Butts kept tinkering with it and a few years later came up with a game he called Criss Cross Words. It didn't catch on either. Finally an investor named James Brunot came to Butts's rescue, made a few revisions in the rules and changed the name to Scrabble. a word meaning "to scratch, grope or claw about frantically." He found a manufacturer for the game, but it still didn't find success until 1952 when Jack Strauss, an executive at Macy's, played the game while on vacation, loved it and wondered why his department store wasn't stocking it. He placed a large order, which sold quickly, and Scrabble was finally on its way to becoming the classic board game it is today.
Reading that article reminded me of what Bill Bryson writes about coffee in At Home. The word coffee, like the game Scrabble, evolved over time. In the 17th century, the then new and exotic hot beverage was variously called coava, cahve, cauphe, coffa and cafe before everyone finally agreed upon coffee.
At about the same time, according to Bryson, Samuel Pepys recorded in his diary that he had just tried another new hot beverage called tea. He called it tee.
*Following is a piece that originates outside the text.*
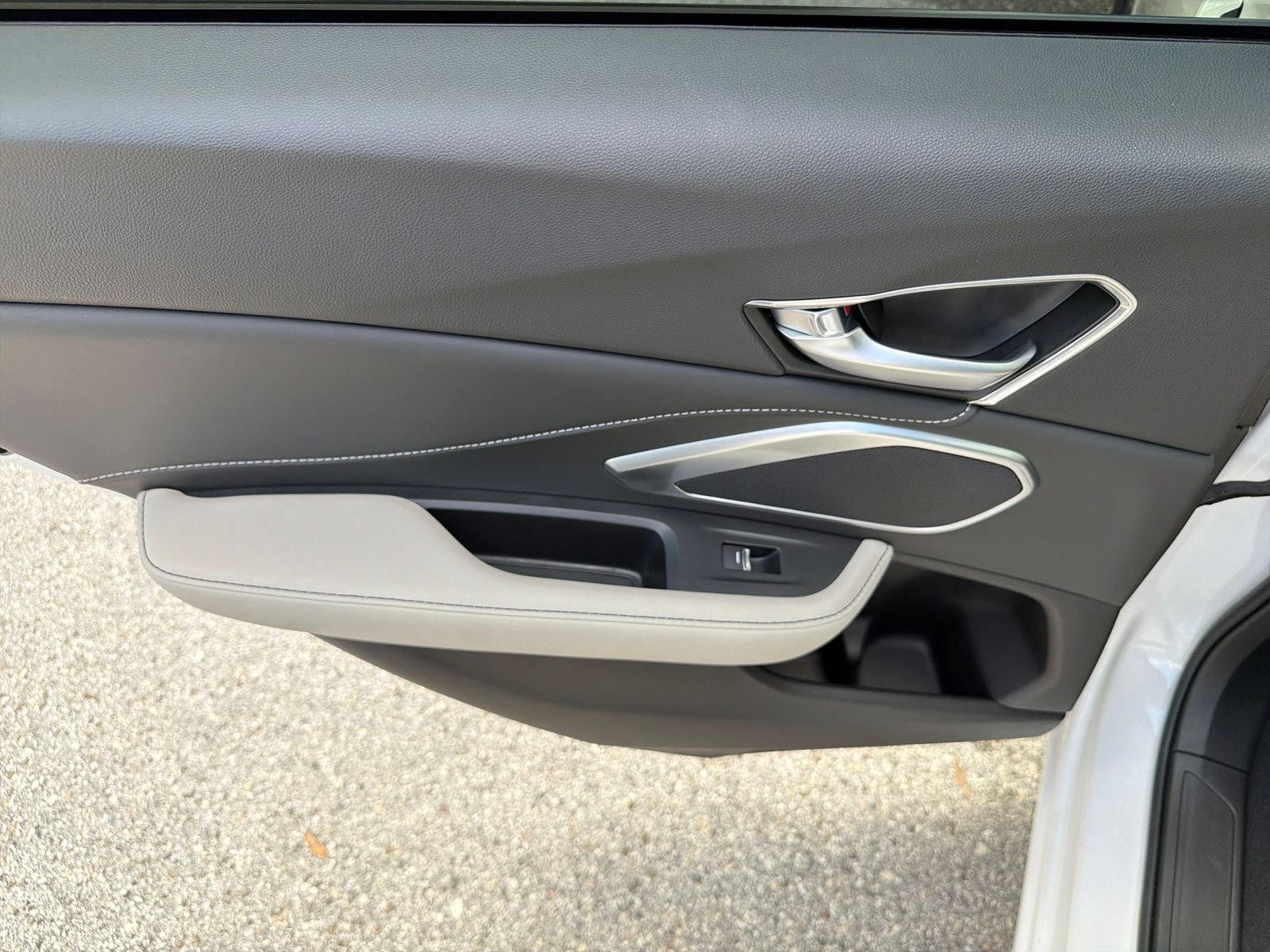 Certified Used 2025 Platinum White Acura Base image 37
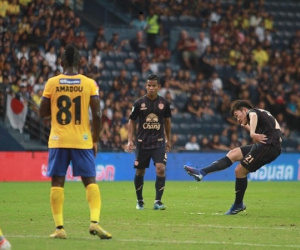 VIDEO: Xuân Trường đá phạt tinh quái giúp Buriram United ghi bàn tuyệt đẹp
Mystery writer Les Roberts has his detective, Milan Jacovich, make a wonderful aside about tea in his new novel Win, Place, or Die: "Why is it, that, in most places like this, they'll refill your coffee at least ten times without a murmur; a tea drinker might get more hot water as often as he wants, but if he desires a fresh tea bag, he has to pay extra for it? That's one of those mysteries of life I've never been able to crack."
As a tea drinker, I well understand what Jacovich (or Roberts) is saying. Tea, I've found, is often treated like a back-of-the-bus beverage. I found that true a couple of times during our tour of the West last month. At an otherwise wonderful place in Jackson, Wyo., called The Bunnery (their motto is "Get your buns in here," although I might have gone with "Get thee to The Bunnery") I noticed a selection of teas on the menu. Some of them were clearly herbal, however, and because I despise herbal tea I asked our waitress if a particular tea with an unfamiliar name was "real tea." She assured me it was. As soon I opened the tea bag and got a whiff, I knew it was herbal. (I should have just read the package.) I complained to the waitress, who told me all the teas were herbal. I started to argue with her, then just ordered Earl Grey and enjoyed the rest of my meal.
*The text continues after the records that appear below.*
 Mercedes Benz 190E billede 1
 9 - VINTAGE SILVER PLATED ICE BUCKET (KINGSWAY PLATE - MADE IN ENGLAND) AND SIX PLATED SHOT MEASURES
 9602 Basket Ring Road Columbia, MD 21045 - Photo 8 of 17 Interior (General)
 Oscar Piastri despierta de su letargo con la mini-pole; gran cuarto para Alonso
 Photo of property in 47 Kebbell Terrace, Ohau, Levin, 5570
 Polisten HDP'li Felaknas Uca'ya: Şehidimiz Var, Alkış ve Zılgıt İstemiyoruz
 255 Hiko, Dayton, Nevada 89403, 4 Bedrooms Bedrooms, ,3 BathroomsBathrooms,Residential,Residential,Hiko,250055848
Earlier at a Sante Fe hotel, where we stayed two nights, a full breakfast buffet was included. Well, it wasn't quite full. They offered just about anything you might want for breakfast, including a variety of coffees and juices. While my breakfast plate cooled, I looked around for the tea, but couldn't find any. When I asked for some, I was told that would be $1.95. Everything else under the New Mexico sun was included, but tea was extra.
At most restaurants you can get all the iced tea you want for one price, but as Roberts/Jacovich writes, more hot tea comes with a penalty. Sometimes my wife and I both order tea, and instead of one pot we get two, both of which get cold at the same time.
There are exceptions to this discrimination against tea drinkers, I am happy to report. At Boone Tavern in Berea, Ky., where we spent a night in July, I ordered tea in the morning and was given a big pot of hot water, plus a basket full of a wide variety of teas. Some Bob Evans restaurants do the same thing. Good for them.